■ Data to process:
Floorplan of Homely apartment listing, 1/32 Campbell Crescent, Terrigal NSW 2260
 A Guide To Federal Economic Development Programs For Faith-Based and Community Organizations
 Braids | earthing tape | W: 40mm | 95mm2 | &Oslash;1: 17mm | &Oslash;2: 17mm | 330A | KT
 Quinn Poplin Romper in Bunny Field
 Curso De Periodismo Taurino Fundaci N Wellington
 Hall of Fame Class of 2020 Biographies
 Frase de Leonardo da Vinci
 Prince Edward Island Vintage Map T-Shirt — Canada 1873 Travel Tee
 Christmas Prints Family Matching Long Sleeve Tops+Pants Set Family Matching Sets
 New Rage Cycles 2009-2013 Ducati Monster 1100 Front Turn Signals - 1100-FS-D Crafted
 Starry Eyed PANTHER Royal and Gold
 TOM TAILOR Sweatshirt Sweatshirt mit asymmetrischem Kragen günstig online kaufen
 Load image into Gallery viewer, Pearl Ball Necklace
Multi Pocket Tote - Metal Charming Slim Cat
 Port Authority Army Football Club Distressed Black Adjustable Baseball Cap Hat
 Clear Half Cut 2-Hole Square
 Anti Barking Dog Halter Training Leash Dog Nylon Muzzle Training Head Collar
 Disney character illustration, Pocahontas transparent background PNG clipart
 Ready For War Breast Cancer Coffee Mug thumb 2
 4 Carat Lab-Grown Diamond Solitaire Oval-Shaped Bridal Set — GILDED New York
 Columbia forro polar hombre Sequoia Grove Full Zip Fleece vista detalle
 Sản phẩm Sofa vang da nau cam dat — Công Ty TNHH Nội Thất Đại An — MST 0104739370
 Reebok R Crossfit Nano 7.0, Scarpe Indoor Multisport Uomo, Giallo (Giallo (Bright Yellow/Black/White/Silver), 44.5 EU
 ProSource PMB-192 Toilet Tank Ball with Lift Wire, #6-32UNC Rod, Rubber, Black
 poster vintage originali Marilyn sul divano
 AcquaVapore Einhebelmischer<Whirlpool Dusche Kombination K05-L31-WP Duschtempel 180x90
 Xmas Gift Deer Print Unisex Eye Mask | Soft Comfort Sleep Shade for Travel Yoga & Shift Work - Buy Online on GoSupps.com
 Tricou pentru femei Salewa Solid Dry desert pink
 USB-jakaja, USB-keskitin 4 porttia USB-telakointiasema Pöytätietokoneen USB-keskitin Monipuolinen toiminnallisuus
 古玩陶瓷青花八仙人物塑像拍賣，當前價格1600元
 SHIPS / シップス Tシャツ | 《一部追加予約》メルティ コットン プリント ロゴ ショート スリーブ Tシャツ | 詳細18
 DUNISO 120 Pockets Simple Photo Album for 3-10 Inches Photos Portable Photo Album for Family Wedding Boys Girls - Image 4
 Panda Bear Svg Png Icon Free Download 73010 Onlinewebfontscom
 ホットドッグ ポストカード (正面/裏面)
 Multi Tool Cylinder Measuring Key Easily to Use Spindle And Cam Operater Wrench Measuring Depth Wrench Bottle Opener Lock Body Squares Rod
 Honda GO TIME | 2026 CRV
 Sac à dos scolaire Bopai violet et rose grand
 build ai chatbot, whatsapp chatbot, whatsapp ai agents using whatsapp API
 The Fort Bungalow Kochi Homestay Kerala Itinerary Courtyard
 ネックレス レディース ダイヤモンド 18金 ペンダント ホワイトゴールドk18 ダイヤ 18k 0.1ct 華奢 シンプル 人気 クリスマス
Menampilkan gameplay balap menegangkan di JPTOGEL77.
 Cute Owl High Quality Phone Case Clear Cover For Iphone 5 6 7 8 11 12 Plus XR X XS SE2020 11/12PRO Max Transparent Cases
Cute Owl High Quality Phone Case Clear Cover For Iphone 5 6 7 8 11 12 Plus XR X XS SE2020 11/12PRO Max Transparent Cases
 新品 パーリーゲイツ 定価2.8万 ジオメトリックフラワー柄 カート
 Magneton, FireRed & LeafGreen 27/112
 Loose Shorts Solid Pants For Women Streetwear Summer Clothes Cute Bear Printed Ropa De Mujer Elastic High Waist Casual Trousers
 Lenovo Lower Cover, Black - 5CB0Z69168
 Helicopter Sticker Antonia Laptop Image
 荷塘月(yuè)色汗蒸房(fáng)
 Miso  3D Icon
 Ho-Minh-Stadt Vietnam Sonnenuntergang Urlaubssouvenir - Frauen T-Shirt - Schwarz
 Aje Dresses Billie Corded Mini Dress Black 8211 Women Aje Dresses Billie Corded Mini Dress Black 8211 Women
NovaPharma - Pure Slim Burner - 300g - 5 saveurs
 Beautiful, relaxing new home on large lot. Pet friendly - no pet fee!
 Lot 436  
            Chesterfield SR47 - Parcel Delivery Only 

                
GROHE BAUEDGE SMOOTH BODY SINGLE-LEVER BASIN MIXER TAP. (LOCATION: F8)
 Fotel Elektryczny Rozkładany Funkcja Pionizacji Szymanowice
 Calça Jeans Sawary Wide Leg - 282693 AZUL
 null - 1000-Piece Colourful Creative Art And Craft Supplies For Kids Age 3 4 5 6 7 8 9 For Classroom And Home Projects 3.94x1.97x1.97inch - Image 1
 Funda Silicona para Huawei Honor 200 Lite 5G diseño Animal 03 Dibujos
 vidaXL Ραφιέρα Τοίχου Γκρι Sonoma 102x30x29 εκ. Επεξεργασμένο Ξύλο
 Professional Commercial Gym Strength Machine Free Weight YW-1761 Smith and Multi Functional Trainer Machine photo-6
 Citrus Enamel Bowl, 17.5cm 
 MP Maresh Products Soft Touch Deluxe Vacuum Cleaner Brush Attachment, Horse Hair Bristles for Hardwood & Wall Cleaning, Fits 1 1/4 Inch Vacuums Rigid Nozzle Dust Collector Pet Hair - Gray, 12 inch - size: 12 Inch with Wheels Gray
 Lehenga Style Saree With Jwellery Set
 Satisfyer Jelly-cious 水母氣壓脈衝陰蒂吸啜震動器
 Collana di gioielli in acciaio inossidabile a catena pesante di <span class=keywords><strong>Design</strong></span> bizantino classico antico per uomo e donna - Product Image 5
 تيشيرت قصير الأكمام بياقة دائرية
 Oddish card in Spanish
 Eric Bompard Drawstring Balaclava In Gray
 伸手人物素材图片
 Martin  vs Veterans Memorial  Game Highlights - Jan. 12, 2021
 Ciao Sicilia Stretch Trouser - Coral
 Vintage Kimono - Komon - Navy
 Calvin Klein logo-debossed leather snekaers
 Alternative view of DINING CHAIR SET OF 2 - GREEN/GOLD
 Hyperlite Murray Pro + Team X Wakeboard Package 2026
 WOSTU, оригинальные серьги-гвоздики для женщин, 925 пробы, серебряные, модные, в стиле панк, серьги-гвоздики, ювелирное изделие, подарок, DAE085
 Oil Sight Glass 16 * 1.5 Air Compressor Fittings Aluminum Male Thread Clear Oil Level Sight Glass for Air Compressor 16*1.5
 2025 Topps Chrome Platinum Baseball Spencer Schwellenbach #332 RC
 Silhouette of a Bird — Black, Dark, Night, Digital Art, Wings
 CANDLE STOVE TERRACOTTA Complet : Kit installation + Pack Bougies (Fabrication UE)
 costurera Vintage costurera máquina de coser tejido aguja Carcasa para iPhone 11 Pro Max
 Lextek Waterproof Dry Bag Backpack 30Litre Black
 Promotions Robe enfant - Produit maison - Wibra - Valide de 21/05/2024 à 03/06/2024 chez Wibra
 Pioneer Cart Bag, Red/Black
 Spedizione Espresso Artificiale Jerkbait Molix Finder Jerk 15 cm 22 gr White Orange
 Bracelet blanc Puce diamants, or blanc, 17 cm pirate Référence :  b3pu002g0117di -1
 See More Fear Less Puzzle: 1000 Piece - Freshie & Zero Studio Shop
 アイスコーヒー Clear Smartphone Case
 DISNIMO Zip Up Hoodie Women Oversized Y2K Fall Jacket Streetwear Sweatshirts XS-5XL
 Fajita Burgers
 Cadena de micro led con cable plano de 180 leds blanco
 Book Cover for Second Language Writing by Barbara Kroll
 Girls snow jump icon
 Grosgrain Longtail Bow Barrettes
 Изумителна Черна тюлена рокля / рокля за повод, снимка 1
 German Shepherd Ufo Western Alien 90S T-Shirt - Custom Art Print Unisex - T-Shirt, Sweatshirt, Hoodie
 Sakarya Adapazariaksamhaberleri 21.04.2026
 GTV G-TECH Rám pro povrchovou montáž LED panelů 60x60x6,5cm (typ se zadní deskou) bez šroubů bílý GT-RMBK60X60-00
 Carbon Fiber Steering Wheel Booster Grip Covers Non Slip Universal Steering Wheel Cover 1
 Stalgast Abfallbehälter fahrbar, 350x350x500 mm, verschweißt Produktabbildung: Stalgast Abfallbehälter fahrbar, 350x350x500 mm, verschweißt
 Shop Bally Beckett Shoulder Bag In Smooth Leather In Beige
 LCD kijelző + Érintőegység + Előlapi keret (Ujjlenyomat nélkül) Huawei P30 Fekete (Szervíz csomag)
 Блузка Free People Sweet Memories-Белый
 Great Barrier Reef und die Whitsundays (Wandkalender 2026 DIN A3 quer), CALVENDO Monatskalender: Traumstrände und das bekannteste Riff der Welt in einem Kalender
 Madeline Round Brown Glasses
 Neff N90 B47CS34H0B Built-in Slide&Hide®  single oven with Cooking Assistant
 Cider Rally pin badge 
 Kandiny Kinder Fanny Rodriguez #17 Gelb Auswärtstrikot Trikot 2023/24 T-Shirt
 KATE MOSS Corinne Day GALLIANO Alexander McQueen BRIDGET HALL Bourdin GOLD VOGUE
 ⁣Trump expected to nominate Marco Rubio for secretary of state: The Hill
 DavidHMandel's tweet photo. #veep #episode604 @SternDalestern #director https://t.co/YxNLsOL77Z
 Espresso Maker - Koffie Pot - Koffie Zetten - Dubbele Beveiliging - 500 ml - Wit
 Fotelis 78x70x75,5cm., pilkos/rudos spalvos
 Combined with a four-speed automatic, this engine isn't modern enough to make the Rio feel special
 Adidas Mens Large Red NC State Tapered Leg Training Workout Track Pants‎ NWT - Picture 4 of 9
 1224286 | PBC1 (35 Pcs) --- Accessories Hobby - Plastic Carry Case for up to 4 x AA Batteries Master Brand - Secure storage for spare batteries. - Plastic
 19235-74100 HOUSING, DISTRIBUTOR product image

■ Problem description: Among the entries above, find the line with "Fajita Burgers" and the line with "LCD kijelző +"; give again exactly these two lines and all lines between them.

■ The completed task:
 Fajita Burgers
 Cadena de micro led con cable plano de 180 leds blanco
 Book Cover for Second Language Writing by Barbara Kroll
 Girls snow jump icon
 Grosgrain Longtail Bow Barrettes
 Изумителна Черна тюлена рокля / рокля за повод, снимка 1
 German Shepherd Ufo Western Alien 90S T-Shirt - Custom Art Print Unisex - T-Shirt, Sweatshirt, Hoodie
 Sakarya Adapazariaksamhaberleri 21.04.2026
 GTV G-TECH Rám pro povrchovou montáž LED panelů 60x60x6,5cm (typ se zadní deskou) bez šroubů bílý GT-RMBK60X60-00
 Carbon Fiber Steering Wheel Booster Grip Covers Non Slip Universal Steering Wheel Cover 1
 Stalgast Abfallbehälter fahrbar, 350x350x500 mm, verschweißt Produktabbildung: Stalgast Abfallbehälter fahrbar, 350x350x500 mm, verschweißt
 Shop Bally Beckett Shoulder Bag In Smooth Leather In Beige
 LCD kijelző + Érintőegység + Előlapi keret (Ujjlenyomat nélkül) Huawei P30 Fekete (Szervíz csomag)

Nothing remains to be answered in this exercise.